Surrounded by his wife, Carolynn, son Harold III and close friends, Cherry was named “Competitor of the Year” during his induction ceremony July 22 at the Hilton San Antonio Airport Hotel.
“Being inducted into the United States Martial Arts Hall of Fame is a reward of a lifetime,” he said. “To have my name floating around with some of the great ones is very humbling. It is a great honor to have this award presented to me.”
Cherry, who grew up in a single-parent household, said his mother, Maude, had no issue with his interest in the martial arts.
“My mother thought it was wonderful,” he said. “She said always do whatever makes you happy.”
After his exposure to the martial arts through Bruce Lee’s character and the John Wayne movie “The Green Berets,” Cherry said he looked for a four-leaf clover in his yard, placed it in his Bible and made a wish to join the Army, go to Japan to study karate and become a Green Beret.

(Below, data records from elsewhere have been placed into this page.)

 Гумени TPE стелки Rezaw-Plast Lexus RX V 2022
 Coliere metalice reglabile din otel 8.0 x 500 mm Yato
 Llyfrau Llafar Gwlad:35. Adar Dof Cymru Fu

Cherry did not join the Army or become a Green Beret, but he did enlist in the Air Force in 1970 after participating in his high school’s Air Force Junior ROTC program and studied Shotokan karate when he was assigned to Okinawa, Japan, four years later.
After he left Okinawa, Cherry, who chose the civil engineering career path as an electrician, went to Hill AFB, where his interest in martial arts intensified.

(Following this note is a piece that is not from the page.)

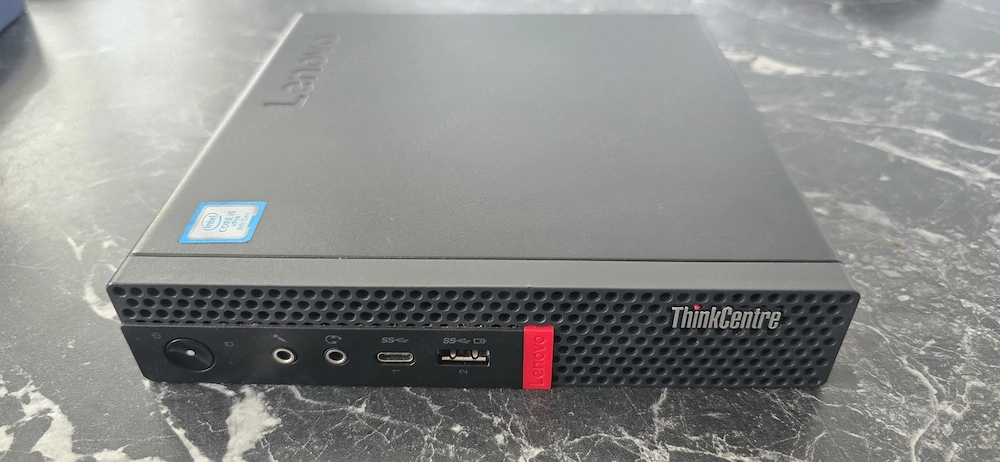Lenovo M920q - TinyPC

He founded the Hill AFB Karate Club in 1979 and earned his first-degree black belt in tae kwon do, Jhoon Rhee style, in 1982. He was subsequently granted first- and second-grade black belts from the United States Karate Association.
Cherry said he did not initially want to teach, but a black belt instructor told him his students were interested in what he was doing during his workouts at Hill AFB. The instructor asked him to teach a class, but Cherry was reluctant to do so.
“I was afraid of failure,” he said. “But once I started teaching, I couldn’t let my students, my commander and myself down.”
His karate club excelled, winning more than 400 trophies in form and fighting, and so, too, did Cherry, becoming a two-time Amateur Athletic Union regional winner and one of the top-ranked lightweight competitors in Utah in addition to other accomplishments.
Cherry, who has maintained a positive attitude throughout life, said teaching made him a better martial artist.
“As a teacher, you have to study and stay on top of your art,” he said.
From Utah, Cherry’s career path took him to the Republic of Korea, where he studied other martial arts styles. His Air Force career ended in 1993, but his civil service career began just a few years later at Joint Base San Antonio-Lackland and continued at JBSA-Randolph, where he retired in 2013.
Although he is retired, Cherry, whose nickname is “Bro” because he was a “brother to everyone” at Hill AFB, continues an active lifestyle as a personal free-style martial arts instructor and vinyasa yoga teacher at JBSA-Randolph.
He attributes his successes in life – as a martial artist, Air Force NCO, Department of Defense civilian and family man – to his Air Force career.
“If it hadn’t been for the Air Force,” Cherry said, “none of this would have happened.”